ElasticsearchHow-ToBeginner · 4 min read

How to Scale Elasticsearch Cluster: Simple Steps and Tips

To scale an Elasticsearch cluster, add more data nodes to distribute data and queries, and adjust the number of shards and replicas for better load balancing and fault tolerance. You can scale horizontally by increasing nodes or vertically by upgrading hardware resources.

📐

Syntax

Scaling an Elasticsearch cluster involves configuring nodes and shard settings.

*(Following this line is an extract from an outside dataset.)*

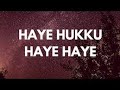 Haye Hukku Haye Hukku Haaye Haaye Dj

Key parts include:

Nodes: Servers that hold data and perform operations.
Shards: Pieces of an index that distribute data.
Replicas: Copies of shards for fault tolerance.
Cluster settings: Adjusted via APIs or config files to add nodes or change shard counts.

json

PUT /my-index/_settings
{
  "index": {
    "number_of_replicas": 1
  }
}

💻

Example

This example shows how to add a new data node to the cluster and update an index to increase replicas for better availability.

yaml + json

# Add a new node by configuring elasticsearch.yml on the new server
node.name: node-3
node.master: false
node.data: true
cluster.name: my-cluster
network.host: 192.168.1.3

# Update index settings to increase replicas
PUT /my-index/_settings
{
  "index": {
    "number_of_replicas": 2
  }
}

Output

{ "acknowledged": true, "shards_acknowledged": true, "index": "my-index" }

⚠️

Common Pitfalls

Common mistakes when scaling Elasticsearch include:

Setting too many shards for small data, causing overhead.
Not balancing shards evenly across nodes.
Ignoring hardware limits like CPU, memory, and disk I/O.
Failing to update replica counts after adding nodes.

Always monitor cluster health and rebalance shards after scaling.

json

## Wrong: Creating too many shards for a small index
PUT /small-index
{
  "settings": {
    "number_of_shards": 50,
    "number_of_replicas": 1
  }
}

## Right: Use fewer shards for small data
PUT /small-index
{
  "settings": {
    "number_of_shards": 1,
    "number_of_replicas": 1
  }
}

📊

Quick Reference

Add nodes: Configure new servers with node.data: true and join cluster.
Adjust shards: Set number_of_shards at index creation; cannot change later.
Adjust replicas: Change number_of_replicas anytime for fault tolerance.
Monitor: Use _cluster/health API to check cluster status.

✅

Key Takeaways

Scale Elasticsearch by adding data nodes to distribute load horizontally.

Set shard count wisely at index creation; replicas can be changed anytime.

Avoid too many shards for small datasets to reduce overhead.

Monitor cluster health and rebalance shards after scaling.

Upgrade hardware resources for vertical scaling if needed.